Hospitals do not inform GPs about medication that should be monitored

Maura Corry, Grainne Bonner, Siobhan McEntee, Joseph Dugan and Domhnall MacAuleya

Hillhead Family Practice, 33 Stewartstown Road, Belfast BT11 9FZ;
a also at Institute of Postgraduate Medicine and Health Science, University of Ulster, Jordanstown BT37 0QB, UK.

Domhnall MacAuley.

Background. General practitioners are now asked to prescribe drugs that, due to possible risks and side effects, had previously been prescribed almost exclusively at hospital.

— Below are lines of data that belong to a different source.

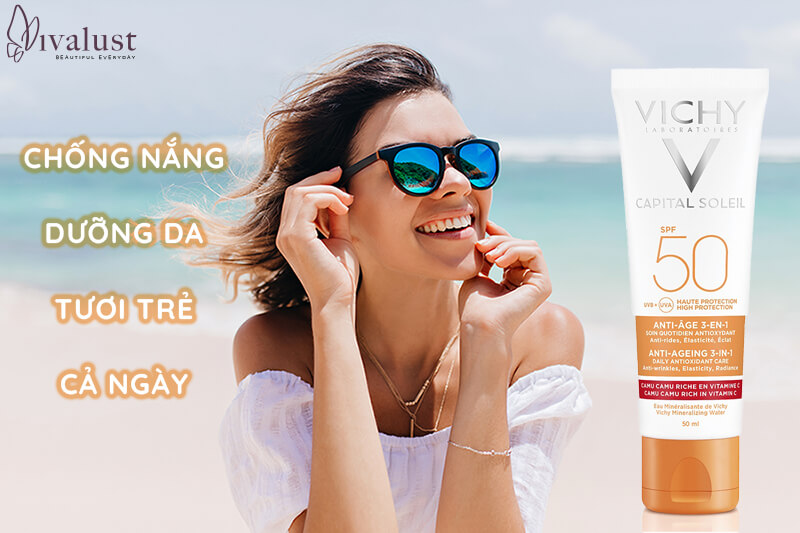 Da tươi trẻ cả ngày với kem chống nắng chống lão hóa Vichy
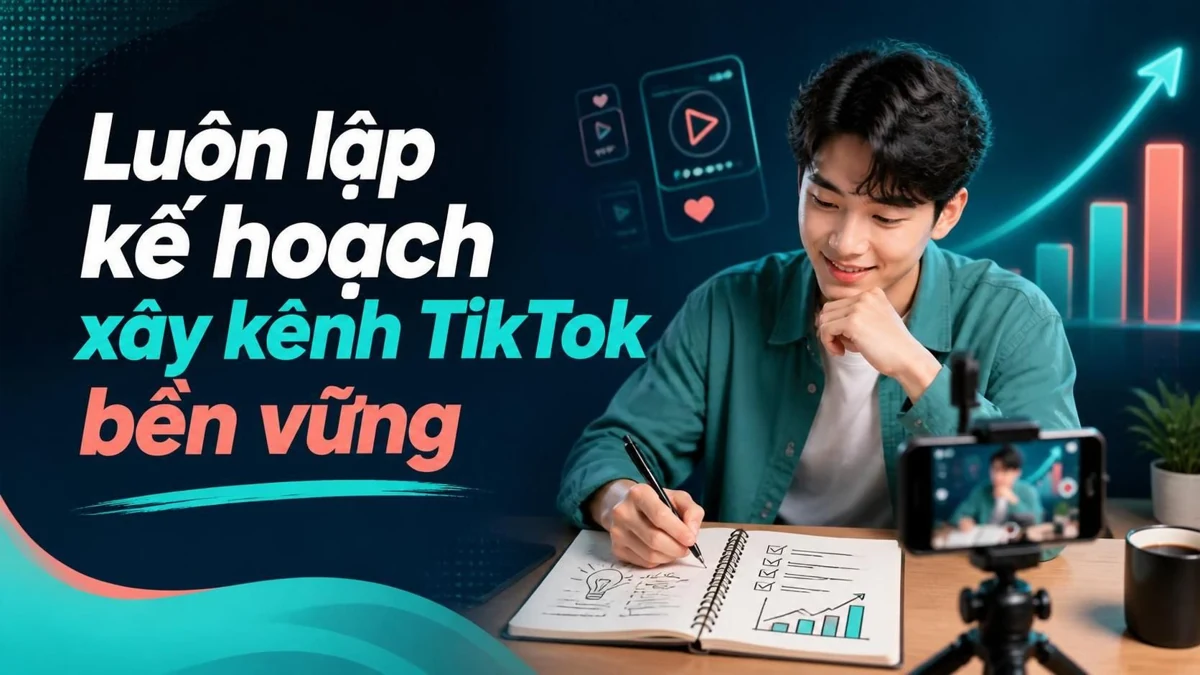 Người sáng tạo ghi kế hoạch nội dung bên điện thoại quay video TikTok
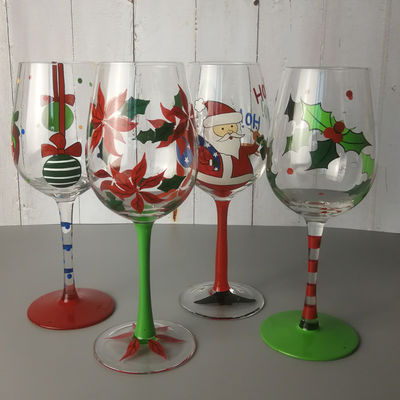 FDA Holiday Gift Hand Painted Festival Wine Glass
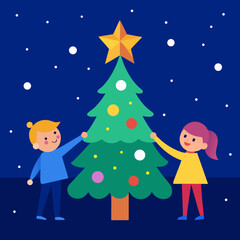 Children decorating a christmas tree under a snowy night sky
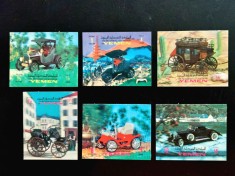 ✅1970 Yemen , &quot;Masini de epoca &quot; timbre 3D 5.00x4.00 cm , serie completa ,MNH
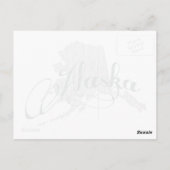 アラスカ型ヴィンテージグレータイポグラフィ名 ポストカード (裏面)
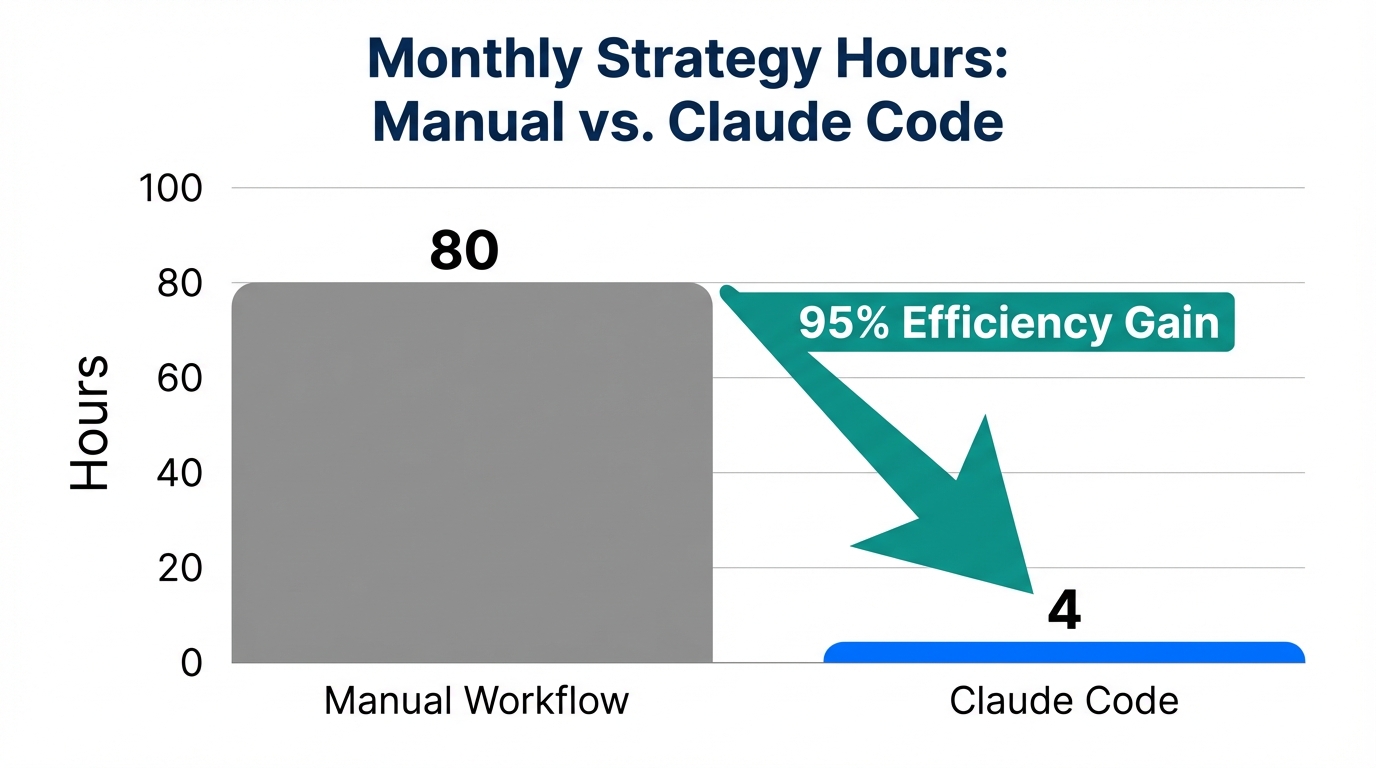 Comparison of time investment between manual and automated GEO workflows.
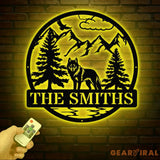 Personalized Wolf Metal Sign Custom Family Name Sign Outdoor Wildlife Metal Wall Art Rustic Mountain Scene Decor
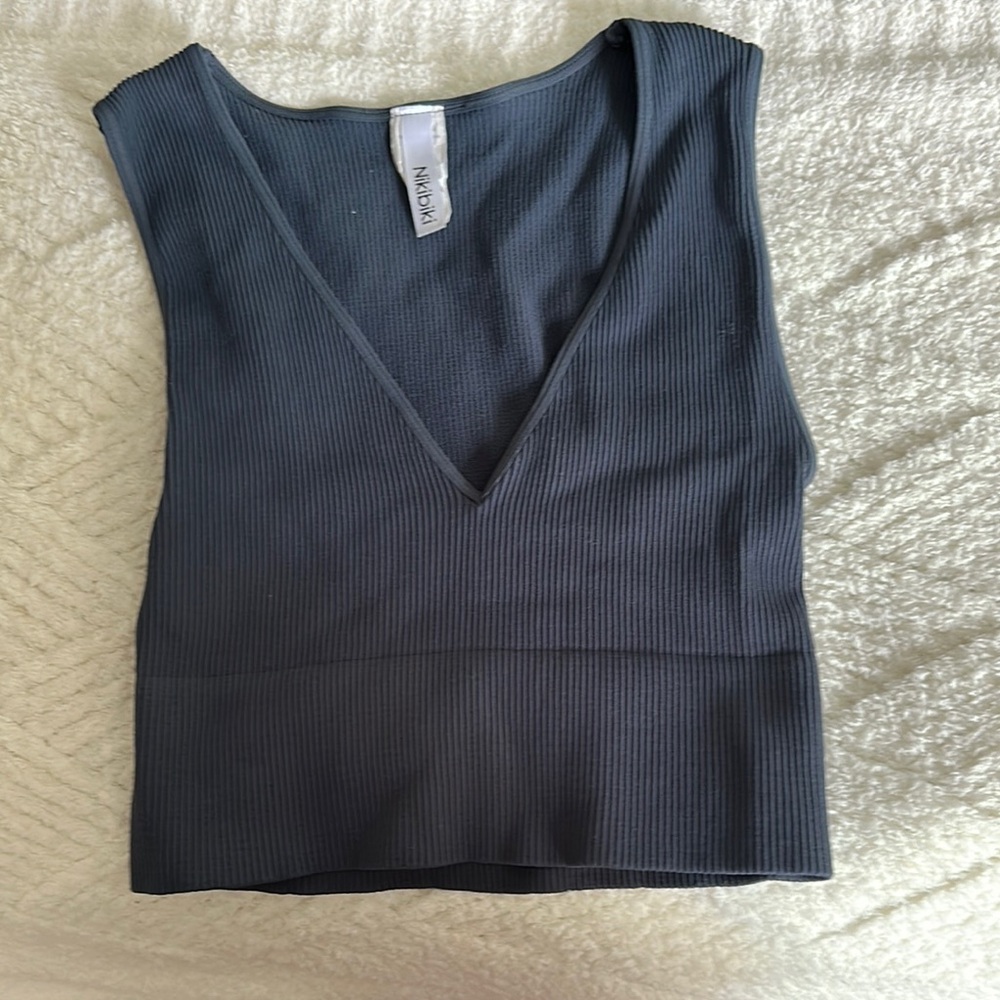 Dark grey ribbed tank top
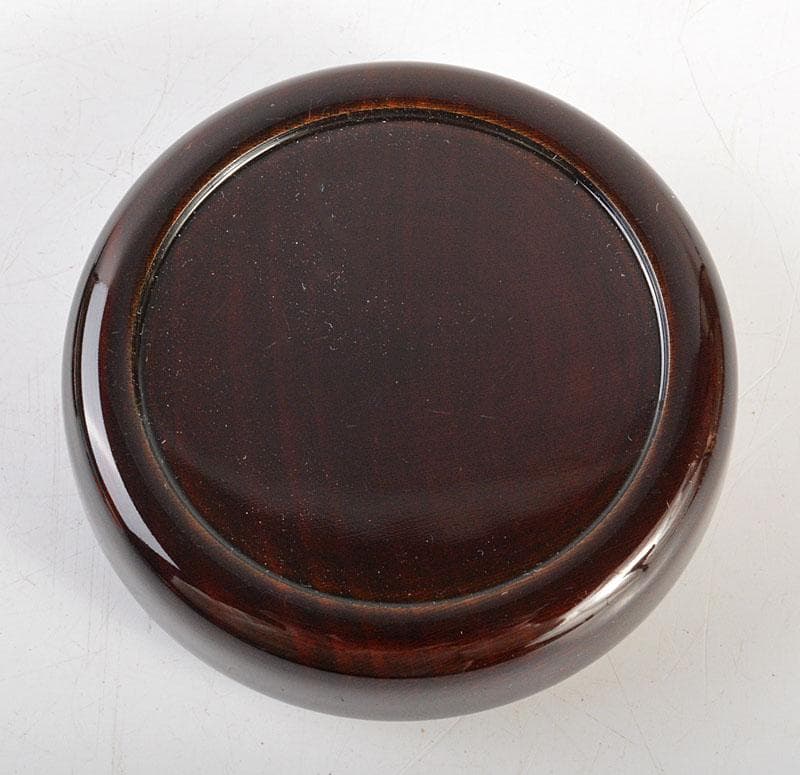 茶道具　蒔絵師　新田義明作　桜材　木地溜塗　八橋蒔絵　平丸香合　共箱　V6775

Objective. To assess the quality of hospital letters as the key communication between hospitals and GPs.

Method. Hospital letters examined using a predetermined protocol.

Results. Of 224 patients identified who were taking drugs that required regular monitoring, 173 were commenced in hospital. Fewer than one in five (30; 17%) hospital letters indicated that there was a risk associated with the drug or that it should be routinely monitored. Monitoring frequency was identified on only 14 occasions and the majority of letters (129; 74.6%) did not state who was to be responsible for ongoing monitoring (either GP or hospital). Information was slow to arrive at the practice and, in 12% of cases, the hospital letter had not arrived within 14 days of commencement of medication.

Conclusion. The information provided in hospital letters is insufficient to allow GPs to put structures in place to monitor drug therapy.

Keywords. Communication, family doctors, hospital, letters.